- Work instructions: Begin at the line that contains "Summer Mix Smile Beads Necklace" and reproduce it along with every line after it to the end of the listing; skip any pictures.

- Dataset section:
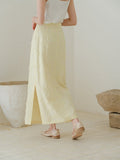 Hollyhock 2-Piece Almond Yellow Cheongsam Top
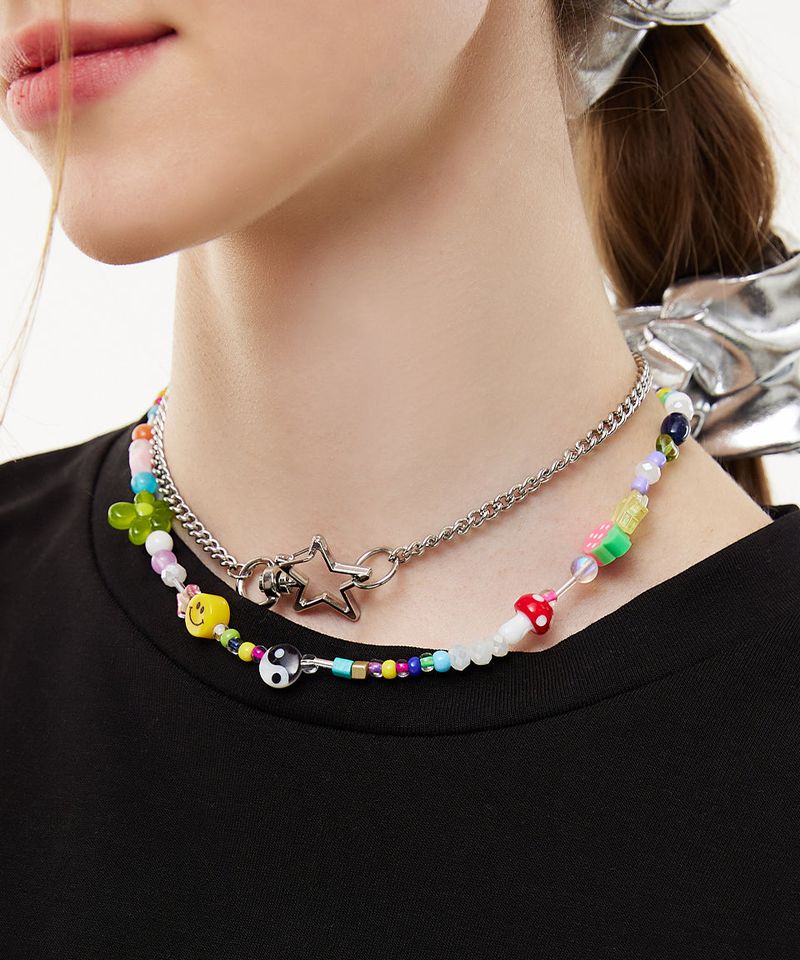 Summer Mix Smile Beads Necklace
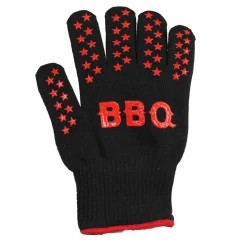 Elite BBQ handschoenen - hittebestendig 250 graden - zwart/rood
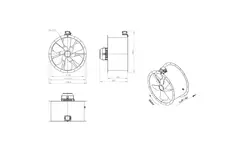 Ventilador axial de conducto de 710 mm - AL 710 D4 01 CFG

- Result:
 Summer Mix Smile Beads Necklace
 Elite BBQ handschoenen - hittebestendig 250 graden - zwart/rood
 Ventilador axial de conducto de 710 mm - AL 710 D4 01 CFG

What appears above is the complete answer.